I would have to disagree with your last statement, at least in my denomination, because this function is understood to be a spiritual one, given as a privilege and responsibility to those God has equipped for the spiritual office of Deacon.


----------



## TimV (Nov 24, 2008)

Believe me, Todd, after being in the PCA Northern California Presbytery I don't find much hard to believe.

Jessica, I looked for several minutes, and while I'm sure I read a resolution from one of the PCA's position papers or (I think more likely) General Assembly decision saying women can't serve Communion, but I can't find it.

Pastor Greco?


----------



## Pergamum (Nov 24, 2008)

LadyFlynt said:


> Prefer a box in the back of the room



I prefer this too, but I have been thinking a lot lately about giving being a part of worship. And if it is part of worship than it should have a prominent place in worship.


----------



## Presbyterian Deacon (Nov 24, 2008)

Book of Church Order
Presbyterian Church in America




> 9-2. It is the duty of the deacons to minister to those who are in need, to
> the sick, to the friendless, and to any who may be in distress. It is their duty
> also to develop the grace of liberality in the members of the church, to devise effective methods of collecting the gifts of the people, and to distribute these gifts among the objects to which they are contributed. They shall have the care of the property of the congregation, both real and personal,



Our diaconate is large enough to take care of the entire process.

Therefore, in our particular PCA church, the Deacons have decided, based on BCO 9.2 (as cited above) that only the deacons may pass the offering plates and are directly involved in the handling, counting, and banking of tithes and offering.


----------



## he beholds (Nov 24, 2008)

Joshua said:


> A woman _can_ collect the tithes. The question is _may/should_ she?



Ok, this is a fair question.

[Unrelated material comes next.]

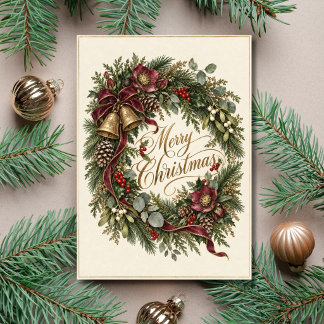 Botanical Wreath Evergreens Bows Elegant Christmas Holiday Card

But at my church, where there are teenage boys collecting tithes, why shouldn't women?
Again, this is just a question, and it's probably really aimed at the teenage boys being permitted to do something adult women aren't.


----------



## Scott1 (Nov 24, 2008)

he beholds said:


> Joshua said:
> 
> 
> > A woman _can_ collect the tithes. The question is _may/should_ she?
> ...



These are good questions.

From previous posts, we can see that one Reformed denomination's Book of Church Order (BCO) gives Deacons the general task of property stewardship. This reflects a doctrinal understanding from Scripture that the office of Deacon is a perpetual spiritual office, part of the governance of Christ's Church, with specific spiritual authority, privileges and responsibilities. The general task includes more specific tasks of collecting, accounting for and safekeeping offerings and other property entrusted to the church.

Earlier, I applied the specific provisions from the Book of Church Order and said how it might be permissible to have teenage boys to do the collection part of this if they were directly overseen by the Deacons. I am not suggesting that is the best interpretation of the BCO, nor that it is a "good" practice, only allowing that technically, it may not be a violation of the denomination's BCO to do it. I am also assuming there is no church court precedent on this point.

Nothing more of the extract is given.